Just like when you are shopping for a new car, one of the first things you are likely to check out is the mileage. Since you can’t measure mileage when dealing with a boat, manufacturers opt for the much easier measurement – engine hours. While it may not be as effective at estimating how much wear and tear is on the engine, it can be useful as a baseline measurement. But how can you judge how many hours are acceptable?

Under normal conditions, the engine in question should not have more than 50 hours per year of use. This is assuming that you are not living in a boat-friendly state like Florida or Texas. Anything more than 50 hours a year, you might want to keep looking.

I want to add that while engine hours are an important consideration, other factors should be considered. Should you find a beautiful boat that has a few extra hours than you would like, do not hesitate to ask the owner for the maintenance logs. Provided they have a good maintenance record; you should be fine. On the other hand, new or inexperienced owners would be advised to pass on a boat that has high engine hours. A fixer-upper is not something you want to mess with when getting your first used boat.   
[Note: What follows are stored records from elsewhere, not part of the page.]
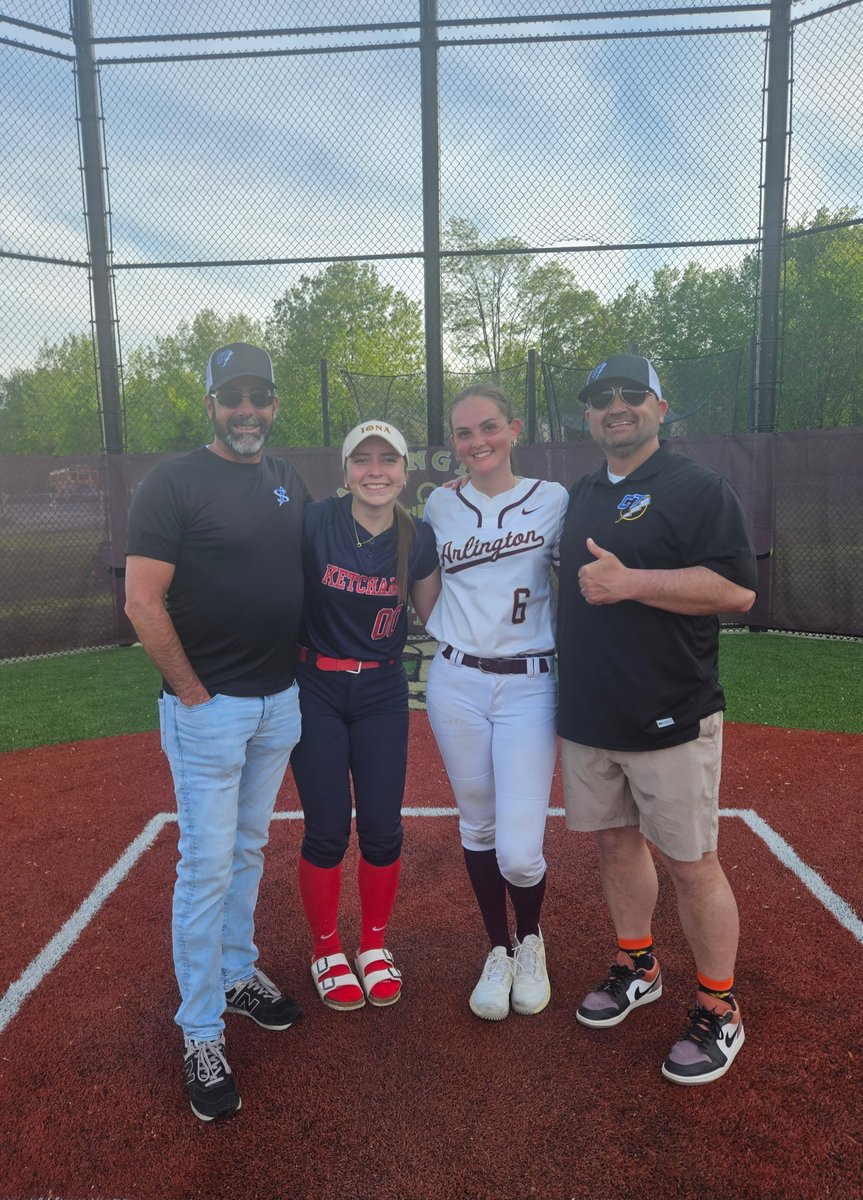 CT Lightning Gold 08- Wright (@ctlightning08g) on Twitter photo On the road in NY to see our girls play! ⚡🥎💪 <a href="/sophia_liguori/">Sophia Liguori</a> <a href="/kbrenner2026/">Kaelyn Brenner- COMMITTED</a> <a href="/IonaSoftball/">Iona Softball</a> <a href="/CoachCarla_Iona/">Carla Campagna-Pessoa</a> <a href="/KetchamSoftball/">Ketcham Softball</a> <a href="/Wrightwaytrain5/">Wrightway Training</a> <a href="/ctlightninggold/">CTLightninggold</a> On the road in NY to see our girls play! ⚡🥎💪 <a href="/sophia_liguori/">Sophia Liguori</a> <a href="/kbrenner2026/">Kaelyn Brenner- COMMITTED</a> <a href="/IonaSoftball/">Iona Softball</a> <a href="/CoachCarla_Iona/">Carla Campagna-Pessoa</a> <a href="/KetchamSoftball/">Ketcham Softball</a> <a href="/Wrightwaytrain5/">Wrightway Training</a> <a href="/ctlightninggold/">CTLightninggold</a>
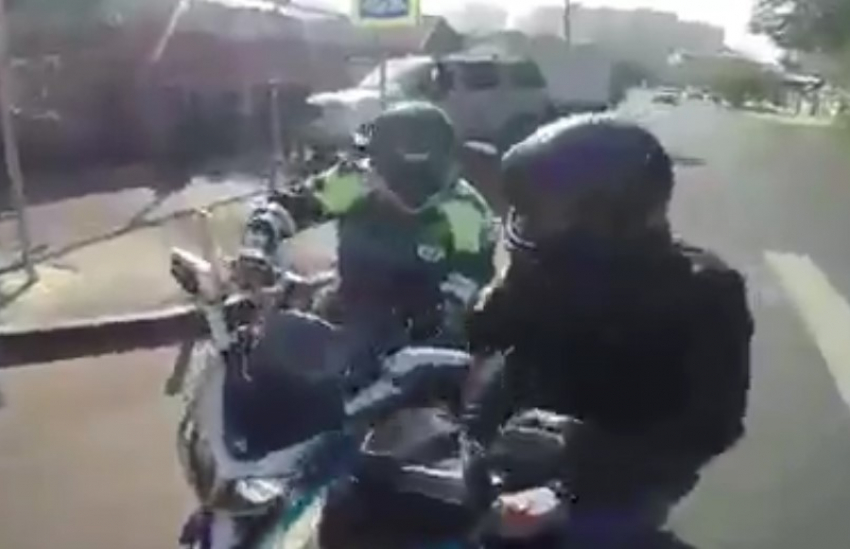 Появилось видео захватывающей мотопогони за байкером в Краснодаре с регистратора полицейского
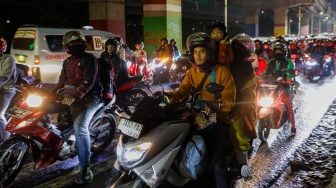 Sejumlah pemudik bersepeda motor melintas di Jalan Inspeksi Kalimalang, Jakarta, Sabtu (6/4/2024). [Suara.com/Alfian Winanto]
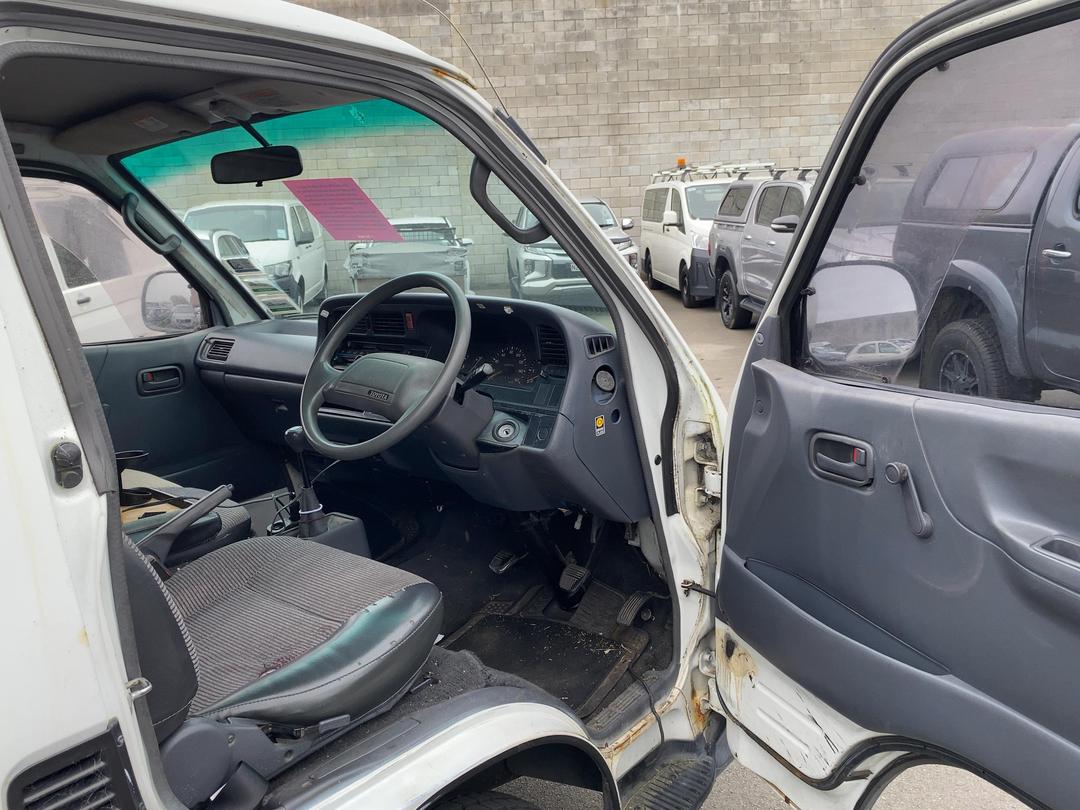 Photo '17' of Toyota Hiace ZL Photo '17' of Toyota Hiace ZL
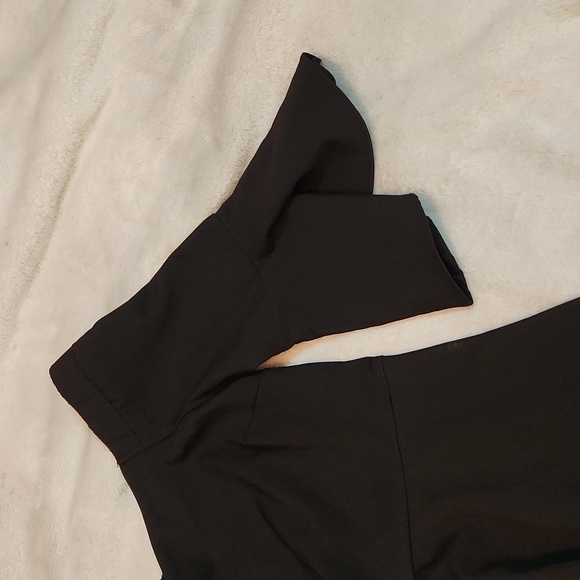 Essue off the shoulder flare dress - Picture 2 of 6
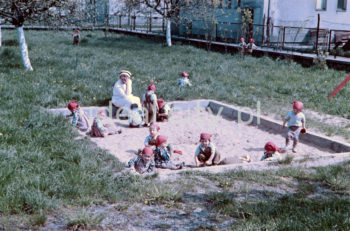 The first kindergarten in Nowa Huta on the A-1 Południe (Wandy) Estate, view from the terrace and the estate. It was designed by architects Janusz and Marta Ingarden in 1950, and opened in 1951.

Pierwsze przedszkole w Nowej Hucie na osiedlu A-1 Południe (Wandy), widok od strony tarasu i osiedla. Zaprojektowane zostało przez architektów Janusza i Martę Ingardenów w 1950 roku. Otwarte w 1951 roku.

Photo by Wiktor Pental/idealcity.pl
If you are upgrading your boat from the current craft you are piloting, you will want to make sure it will fit your current trailer. Boats and trailers aren’t always a package deal so it is essential to remember that trailer size is of tremendous importance when it comes to boats. If the trailer is too big or small, it will not hold your boat correctly. This can lead to accidents and hefty fines from the authorities. Nothing is going to ruin your fishing weekend faster than having a fine issued to you for something you could have prevented.

On a final note about trailers, if you are going into the sale needing a trailer, know that you will likely have to account for that in the price. Meaning, most boat sales are for the boat without the trailer. When talking to the seller, find out if they are selling the trailer or if the price includes the trailer.

Wear and Tear

Never take a used boat at face value. Sellers are only interested in making a sale. That is not to say that all sellers are dishonest. All it means is that they will say almost anything to make the sale. Before you sign on the dotted line, you might want to do a quick inspection of the hull first.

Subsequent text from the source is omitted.